**Problem to work on**
Transcribe every record in full, keeping it exactly the same.

**Materials provided**

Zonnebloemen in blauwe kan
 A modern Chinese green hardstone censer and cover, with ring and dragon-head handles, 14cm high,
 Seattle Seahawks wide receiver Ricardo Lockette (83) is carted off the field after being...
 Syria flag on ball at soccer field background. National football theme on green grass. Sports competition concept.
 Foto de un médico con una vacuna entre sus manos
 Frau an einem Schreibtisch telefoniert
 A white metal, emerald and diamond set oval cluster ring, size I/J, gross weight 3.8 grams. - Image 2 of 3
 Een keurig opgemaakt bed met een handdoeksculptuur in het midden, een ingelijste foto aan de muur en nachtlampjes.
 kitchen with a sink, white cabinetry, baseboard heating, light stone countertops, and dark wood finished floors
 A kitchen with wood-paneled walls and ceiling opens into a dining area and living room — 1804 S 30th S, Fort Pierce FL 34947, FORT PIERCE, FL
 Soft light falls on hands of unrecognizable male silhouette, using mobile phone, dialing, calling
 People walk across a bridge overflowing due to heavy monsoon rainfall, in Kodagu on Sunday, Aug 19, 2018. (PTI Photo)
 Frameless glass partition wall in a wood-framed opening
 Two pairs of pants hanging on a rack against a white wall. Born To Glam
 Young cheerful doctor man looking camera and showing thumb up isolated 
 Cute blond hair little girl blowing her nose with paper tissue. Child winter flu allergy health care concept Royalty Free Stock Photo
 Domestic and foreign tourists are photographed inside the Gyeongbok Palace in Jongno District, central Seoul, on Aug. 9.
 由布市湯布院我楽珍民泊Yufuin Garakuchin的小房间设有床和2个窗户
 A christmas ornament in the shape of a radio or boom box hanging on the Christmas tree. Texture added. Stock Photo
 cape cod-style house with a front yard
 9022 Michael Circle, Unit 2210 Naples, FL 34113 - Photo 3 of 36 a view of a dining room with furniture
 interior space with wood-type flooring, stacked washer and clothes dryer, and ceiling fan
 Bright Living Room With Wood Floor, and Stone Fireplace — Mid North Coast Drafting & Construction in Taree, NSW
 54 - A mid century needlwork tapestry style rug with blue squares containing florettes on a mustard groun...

**Response area**
Zonnebloemen in blauwe kan
 A modern Chinese green hardstone censer and cover, with ring and dragon-head handles, 14cm high,
 Seattle Seahawks wide receiver Ricardo Lockette (83) is carted off the field after being...
 Syria flag on ball at soccer field background. National football theme on green grass. Sports competition concept.
 Foto de un médico con una vacuna entre sus manos
 Frau an einem Schreibtisch telefoniert
 A white metal, emerald and diamond set oval cluster ring, size I/J, gross weight 3.8 grams. - Image 2 of 3
 Een keurig opgemaakt bed met een handdoeksculptuur in het midden, een ingelijste foto aan de muur en nachtlampjes.
 kitchen with a sink, white cabinetry, baseboard heating, light stone countertops, and dark wood finished floors
 A kitchen with wood-paneled walls and ceiling opens into a dining area and living room — 1804 S 30th S, Fort Pierce FL 34947, FORT PIERCE, FL
 Soft light falls on hands of unrecognizable male silhouette, using mobile phone, dialing, calling
 People walk across a bridge overflowing due to heavy monsoon rainfall, in Kodagu on Sunday, Aug 19, 2018. (PTI Photo)
 Frameless glass partition wall in a wood-framed opening
 Two pairs of pants hanging on a rack against a white wall. Born To Glam
 Young cheerful doctor man looking camera and showing thumb up isolated 
 Cute blond hair little girl blowing her nose with paper tissue. Child winter flu allergy health care concept Royalty Free Stock Photo
 Domestic and foreign tourists are photographed inside the Gyeongbok Palace in Jongno District, central Seoul, on Aug. 9.
 由布市湯布院我楽珍民泊Yufuin Garakuchin的小房间设有床和2个窗户
 A christmas ornament in the shape of a radio or boom box hanging on the Christmas tree. Texture added. Stock Photo
 cape cod-style house with a front yard
 9022 Michael Circle, Unit 2210 Naples, FL 34113 - Photo 3 of 36 a view of a dining room with furniture
 interior space with wood-type flooring, stacked washer and clothes dryer, and ceiling fan
 Bright Living Room With Wood Floor, and Stone Fireplace — Mid North Coast Drafting & Construction in Taree, NSW
 54 - A mid century needlwork tapestry style rug with blue squares containing florettes on a mustard groun...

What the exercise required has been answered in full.